A fortiori, sostener otras cosas que afirma por doquier Javier Gomá (“Nadie es del todo inocente ante la santidad excesiva de ese hombre excepcional y comparado con él todo el mundo se confiesa en cierto modo deudor (pecador)”; “No hace falta ser seguidor del profeta de Galilea para reconocer que su elevado ideal ético y la realización de éste en su vida le hacen merecedor, desde una perspectiva comparada, al título del mejor de los hombres, el más noble representante de la humanidad sobre la tierra, el más perfecto ejemplar de nuestra especie. Es el hombre bueno por antonomasia, sin precedentes ni antecedentes en esa desusada proporción…”) es no solo otro ejemplo del lenguaje devocional típico del adorador, sino otra de las constantes falsedades de Necesario pero imposible. Ni yo ni muchas otras personas nos inclinamos ante la ética de Jesús, ni sentimos vértigo alguno ante la pseudo-excelencia moral de tal modelo. Pero no porque seamos engendros de Satanás o incapaces de reconocer el bien o nuestros propios límites, sino precisamente porque nada ni nadie nos ha persuadido de que debamos pensar tan alto de Jesús ni tan bajo de nosotros mismos como para doblar las rodillas ante desproporción alguna.

Por supuesto, los cristianos tienen todo el derecho del mundo a imaginarse a su Cristo como tengan a bien, y si tienen necesidad de un paradigma moral o espiritual son libres de representárselo como el máximum de todas las perfecciones, de la lucidez, de la tolerancia, de la compasión, de la bondad, de la sabiduría, de la igualdad de géneros, del respeto al colectivo LGTBI, del cuidado por el medio ambiente etc., etc. Son libres de representárselo como absolutamente incapaz de hacer nada malo y hasta de imaginar que orinaba agua de colonia. Y tienen todo el derecho del mundo –faltaría más– a prosternarse y a hincarse de rodillas ante tal imagen. Háganlo tranquilos, que a los demás no nos molestan, menos todavía en un mundo en el que, al menos en estas latitudes y al menos por ahora, por no prosternarnos también nosotros no nos pueden privar de libertad, torturar o ponernos a chamuscar en una hoguera.
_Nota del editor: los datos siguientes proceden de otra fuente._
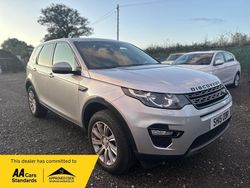 Silver Used 2015 Land Rover Discovery Sport SE SUV | £9,795 (Good price)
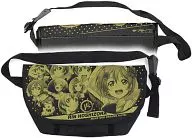 Hoshizora Rin messenger bag BADGE Ver. 「 Love Live! 」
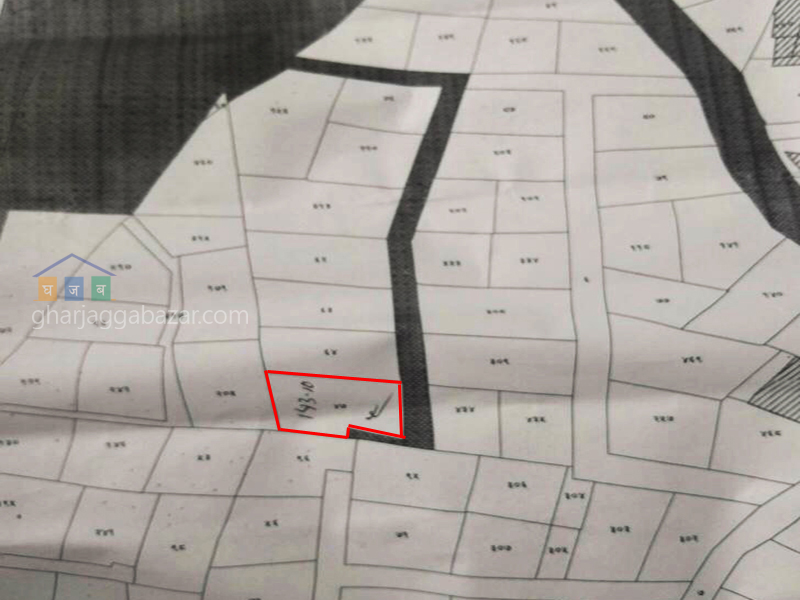 Land on Sale at Baniyatar Dhaneshwor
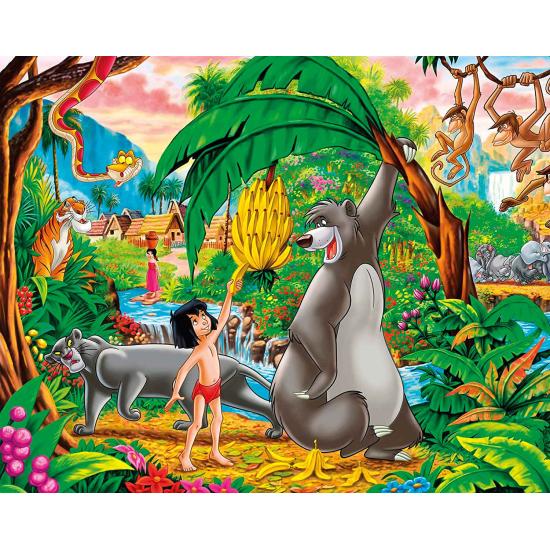 Disney Classics Clementoni Progressives Puzzle 20-60-100-180 Tei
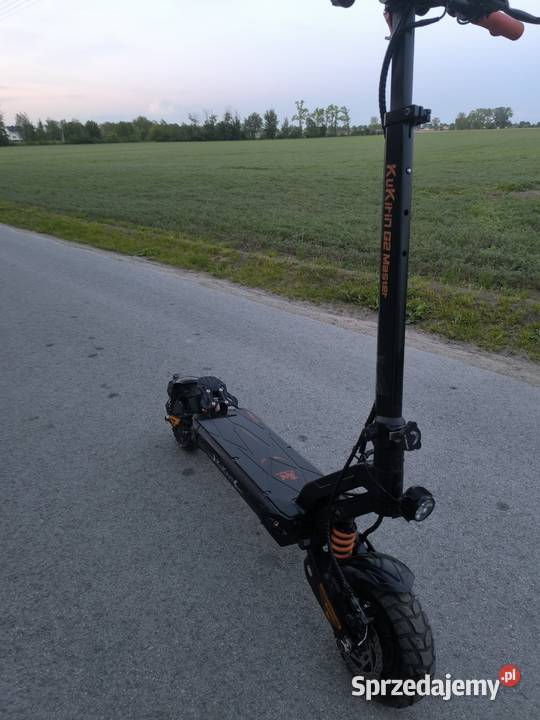 Sprzedam hulajnogę Kukirin G2 Master Wiktorowo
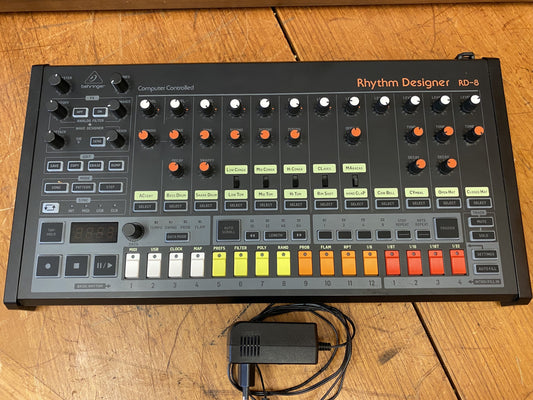 Thrift Store: Behringer RD-8 Drum Machine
Pero a quien quiera convencernos de lo razonable que es prosternarse ante un ídolo, o de que su Jesús imaginario es una figura histórica derivable de una lectura crítica de las fuentes, con nuestra más cordial sonrisa algunos le diremos a la cara lo que es: un embaucador y un farsante. O, quizás aún con mayor propiedad: un súper-embaucador y un súper-farsante.